Featuring an Enigmatic Blue Tulip 
New England, ca. 1820 to 1830.

 Fine wool and cotton on linen, mounted for display. A tour de force of folk art created by a talented young woman artist. She was a meticulous needle worker, stitching remarkably-even raised loops, especially noticeable in the urn. Her design has a bursting of color and texture as she flanked the already over-flowing urn with bouquets of more flowers. In this period gardens of flowers were often an extravagance, so the bold representation of so many indicates optimism and abundance. Don’t miss the single blue tulip, positioned almost at the very center. Symbolism? Blue tulips (that did not naturally occur) are thought to have symbolized tranquility and peace, trust and loyalty. This artwork has survived in amazing condition with almost no wear, as it was created and intended as decoration, likely to cover the hearth-stone (as the hearth was unused in the summer months), not as an underfoot floor piece. Mounted dimensions of about 62 inches wide x 28 tall. Pictured and discussed in AMERICAN SEWN RUGS, THEIR HISTORY WITH EXCEPTIONAL EXAMPLES, Jan Whitlock with Tracy Jamar, 2012, pages 4 and 70; LIGHT FROM THE PAST, Early American Rugs from the Collection of Ronnie Newman, page 25 as exhibited in the Kresge Foundation Gallery of the Ramapo College of New Jersey, 2004. Paraphrasing American Sewn Rugs: Hearth rugs were made by hand prior to the introduction of synthetic dyes and mass-produced patterns.
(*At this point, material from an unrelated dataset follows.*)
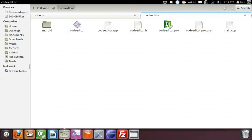First of all, you need to add the needed files to your project folder. In this case, I'm going to add codeeditor.h and codeeditor.cpp.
Rug making was taught at female academies along the Eastern Seaboard to affluent young women (as were the finest samplers and silk embroideries). Yarn-Sewn Rugs of 1790-1830 are more closely related to needlework than floor coverings. Provenance: Prominent NJ collection. This remarkable art has witnessed two centuries of American history. It may be cherished in a fine period collection, or a focal point of an upscale contemporary setting.